The band started when keyboard player Michael "Ibo" Cooper and guitarist (and cellist) Stephen "Cat" Coore left Inner Circle to form their own band. The line-up for their first album as Third World included a singer called "Prilly" and percussionist Irving "Carrot" Jarrett. The album included a cover of "Satta Amasa Gana", originally performed by The Abyssinians, which became a local hit.

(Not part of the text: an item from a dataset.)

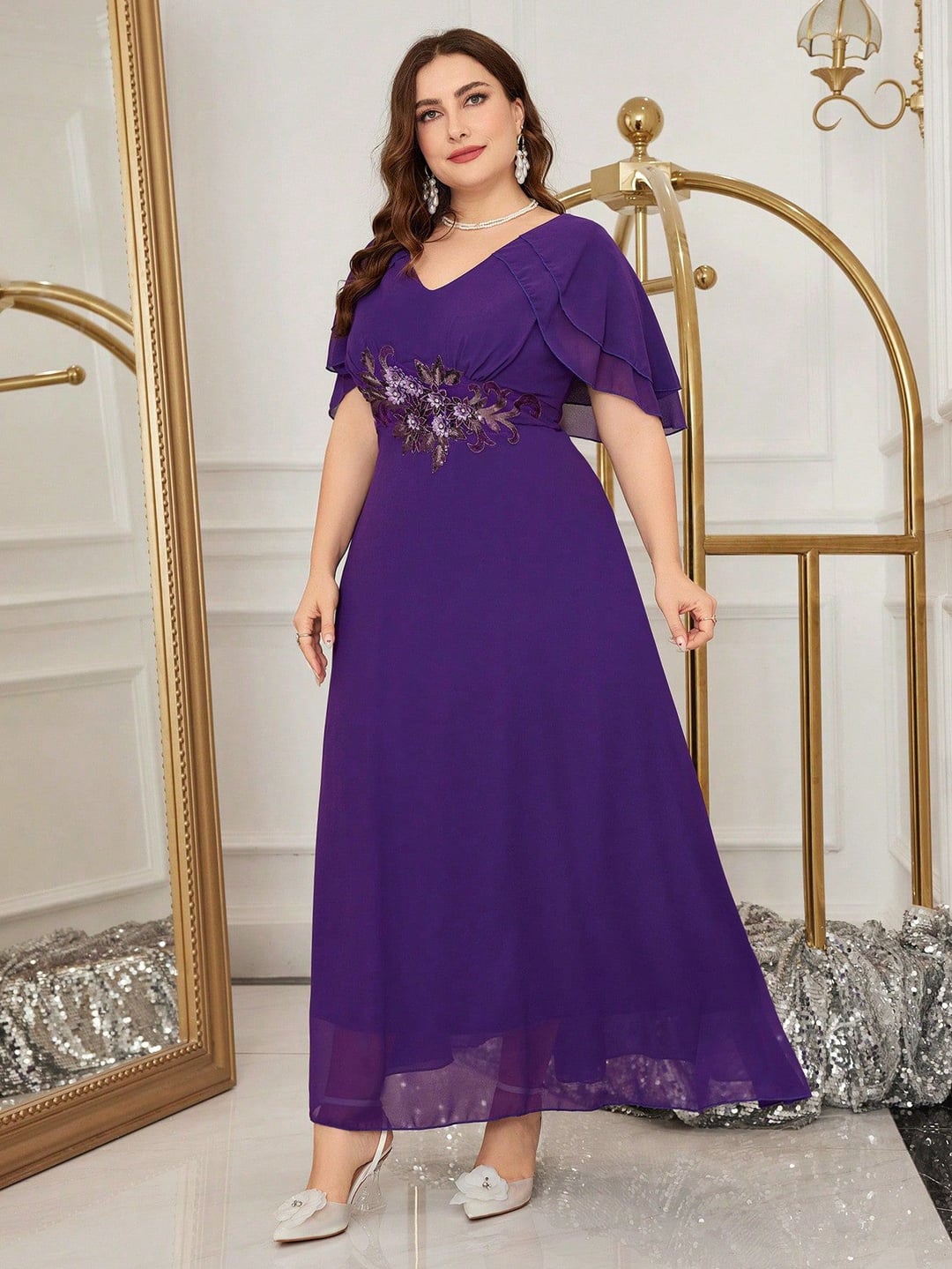 Elegant Plus Size V-Neck Cap Sleeve Appliqué Formal Evening Dress European Style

Their second album, "96° In The Shade", had several local hits and featured the band's classic line-up. "Prilly" was replaced by the distinctive vocalist "Bunny Rugs" Clarke, and an all-new rhythm section was in place: Ritchie Daley was on bass and former Inner Circle drummer Willie Stewart defected to join the new band. Notable among the eight tracks were "1865 (96° In The Shade)", "Rhythm Of Life" and the only cover song on the album, "Dreamland" by Neville "Bunny Wailer" Livingstone.
Their greatest success came in the late 1970s/early 1980s, peaking with their cover version of The O'Jays "Now That We've Found Love", a hit single on both sides of the Atlantic in 1979. This song brought them to the attention of Stevie Wonder, who worked with them and wrote (along with Melody A. McCully) their song "Try Jah Love".
Amid claims of artistic differences "Carrot" split from the band in the mid-1980s. The resulting five-piece band then went to more commercial tunes like "Sense Of Purpose", "Reggae Ambassador" and "Forbidden Love".
Despite several more line-up changes, including the departures of "Ibo" and Willie Stewart, and a decline in mainstream success, the band are still recording and performing in the early 2000s.